Now that I have completed All Clear, I can state emphatically that Blackout and All Clear are two volumes of the same long novel. Neither work stands on its own, and I couldn't even see a particular reason why Connie Willis put the division between the two volumes where she did. She might as well have made each volume the same page length (as it is, All Clear is the longer volume).

I can also now officially wonder why Blackout/All Clear (BAC) won both the Hugo and Nebula Awards for the best science fiction novel of the year. Simply put, BAC is not a literary masterpiece, nor is it an innovative work that takes the science fiction genre in a new direction. I found it to be a pretty straightforward storyline that is most noteworthy as a piece of historical fiction rather than science fiction. The characters do use a time machine to travel back to World War II, and the limitations and problems of the time machine and time travel in general do impact the plot, but the most interesting aspect of BAC is Connie Willis' detailed accounts of World War II's impact on people in Britain.

The sheer length of BAC creates another problem for Willis. By the time she is wrapping up the storyline at around roughly page number one thousand, she has to refer back to details of events that happened many hundreds of pages ago.
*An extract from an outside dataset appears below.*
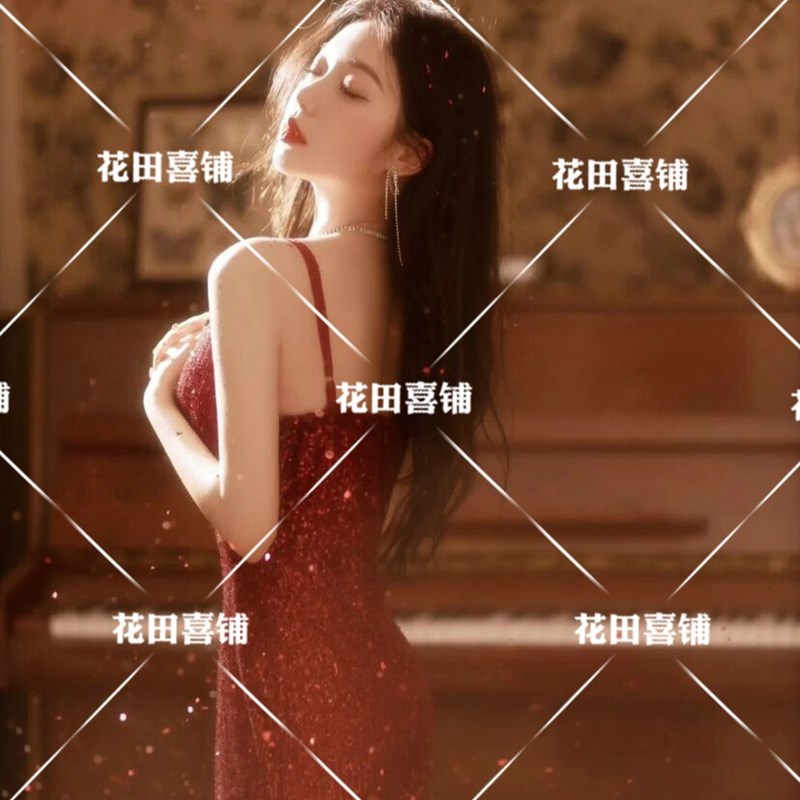 2026新款亮片裙少女财阀千金写真服装唯美氛围感私房艺术照摄影服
Because it took me so long to read BAC, I had a general remembrance of these prior events, but I couldn't remember the details, in particular how the same street scene would look through the eyes of different characters. If you do read BAC, I would recommend reading it as fast as possible. Willis could have produced a much tauter storyline if she had left out much of the filler, such as the exploits of Binnie and Alf and various bombing scenes that don't actually matter to the main plotline. If she pared the story down to the bare minimum scenes plus just a little filler to prevent the reader from piecing things together too early, I think she would actually have a thriller on her hands. She would have something closer to an Agatha Christie-type mystery to be solved by the reader (Willis not only obviously likes Agatha Christie's stories, but she writes Agatha into BAC as yet another minor character).

I am glad I plowed through All Clear to see how all pieces would be put together into a coherent whole. But I wouldn't call BAC a "must read". Readers with an interest in World War II would probably enjoy a well-written history book more than this work of historical fiction. I also think there are science fiction novels out there that do a better job of captivating the imagination.